Sting è un altro di quei nomi che conosco da quando ho memoria, in pratica non ricordo il giorno preciso che ho conosciuto la parola Sting: probabilmente, dopo ‘mamma’ e ‘papà’, ‘sting’ è la prima parola che ho imparato! È, inoltre, una di quelle voci che riconosci immediatamente appena la ascolti, ha uno stile inconfondibile e da trentanni a questa parte – un periodo che ha visto notevoli cambiamenti nell’industria discografica ma anche nella stessa industria culturale – Sting s’è meritatamente ritagliato uno spazio tutto suo come una delle più amate e ammirate rockstar di fama mondiale.

Nel 2003 Sting ha pubblicato “Broken Music”, una sua parziale autobiografia, dall’infanzia al debutto discografico dei Police con “Outlandos d’Amour”: è un libro piuttosto intimo ma molto godibile che ho letto finora due volte. In esso, Sting sembra descriversi come una persona fondamentalmente molto umana, con tutte le debolezze che questa condizione comporta, ma anche arso da una smania di sfondare che forse l’ha portato più lontano di quel che poteva immaginare da ragazzo, quando alternava la sua passione per la musica (suonava il basso in diverse formazioni locali, la più notevole, i Last Exit, nei quali cantava e componeva la maggior parte del materiale) alla sua professione d’insegnante d’inglese nelle scuole elementari.

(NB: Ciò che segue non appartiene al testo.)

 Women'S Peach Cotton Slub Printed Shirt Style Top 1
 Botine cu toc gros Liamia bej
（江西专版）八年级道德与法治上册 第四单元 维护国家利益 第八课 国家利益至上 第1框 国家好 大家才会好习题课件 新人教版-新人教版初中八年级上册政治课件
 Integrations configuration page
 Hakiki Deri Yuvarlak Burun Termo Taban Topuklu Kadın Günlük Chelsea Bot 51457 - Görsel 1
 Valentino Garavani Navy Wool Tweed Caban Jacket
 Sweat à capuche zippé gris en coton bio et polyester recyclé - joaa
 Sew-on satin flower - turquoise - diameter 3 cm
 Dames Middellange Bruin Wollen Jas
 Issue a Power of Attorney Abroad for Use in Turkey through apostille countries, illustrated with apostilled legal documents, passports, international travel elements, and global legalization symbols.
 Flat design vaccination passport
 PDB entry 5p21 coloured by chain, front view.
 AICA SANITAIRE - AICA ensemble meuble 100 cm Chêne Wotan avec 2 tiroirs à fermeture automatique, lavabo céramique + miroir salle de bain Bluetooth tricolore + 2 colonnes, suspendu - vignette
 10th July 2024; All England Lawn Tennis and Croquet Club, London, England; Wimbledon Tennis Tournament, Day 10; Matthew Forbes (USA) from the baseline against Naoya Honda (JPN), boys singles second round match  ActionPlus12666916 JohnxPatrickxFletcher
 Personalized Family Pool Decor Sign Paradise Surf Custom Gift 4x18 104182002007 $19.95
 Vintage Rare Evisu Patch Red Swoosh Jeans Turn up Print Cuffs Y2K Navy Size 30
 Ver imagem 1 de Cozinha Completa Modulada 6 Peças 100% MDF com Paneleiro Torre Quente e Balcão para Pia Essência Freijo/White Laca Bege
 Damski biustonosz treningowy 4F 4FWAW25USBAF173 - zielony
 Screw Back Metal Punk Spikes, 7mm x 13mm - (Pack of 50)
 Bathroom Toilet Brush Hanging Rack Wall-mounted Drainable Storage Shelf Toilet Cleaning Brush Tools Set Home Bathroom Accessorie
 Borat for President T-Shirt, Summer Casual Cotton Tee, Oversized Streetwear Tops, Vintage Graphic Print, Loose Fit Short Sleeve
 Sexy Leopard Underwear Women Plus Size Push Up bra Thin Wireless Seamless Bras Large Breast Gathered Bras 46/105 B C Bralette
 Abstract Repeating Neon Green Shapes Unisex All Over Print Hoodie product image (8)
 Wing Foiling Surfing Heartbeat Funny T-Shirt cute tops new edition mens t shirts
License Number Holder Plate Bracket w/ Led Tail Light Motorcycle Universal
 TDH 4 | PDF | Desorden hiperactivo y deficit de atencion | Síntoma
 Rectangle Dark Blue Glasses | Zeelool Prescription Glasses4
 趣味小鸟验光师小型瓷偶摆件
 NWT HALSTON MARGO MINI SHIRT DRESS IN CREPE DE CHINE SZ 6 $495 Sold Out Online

Nato Gordon Matthew Sumner da umili origini (parte delle quali irlandesi) a Wallsend, vicino Newcastle, il 2 ottobre 1951, venticinque anni dopo ebbe la fortuna d’incontrare Stewart Copeland, all’epoca batterista dei Curved Air che, di fatto, scoprì Sting proponendogli d’entrare a far parte della band che stava costituendo col chitarrista corso Henri Padovani (in seguito rimpiazzato da Andy Summers), The Police. La storia di questo infinito trio rock l’ho raccontata già, per cui passo al 1985, quando Sting debutta definitivamente come solista con l’album “The Dream Of The Blue Turtles”, contenente i noti singoli If You Love Somebody (Set Them Free) e Russians. Nello stesso anno collabora con Miles Davis, Phil Collins, i Dire Straits, un side-project dei Duran Duran chiamato Arcadia, e inoltre partecipa allo storico evento musicalmediatico del Live Aid, organizzato da Bob Geldof per raccogliere fondi a favore delle popolazioni africane più bisognose.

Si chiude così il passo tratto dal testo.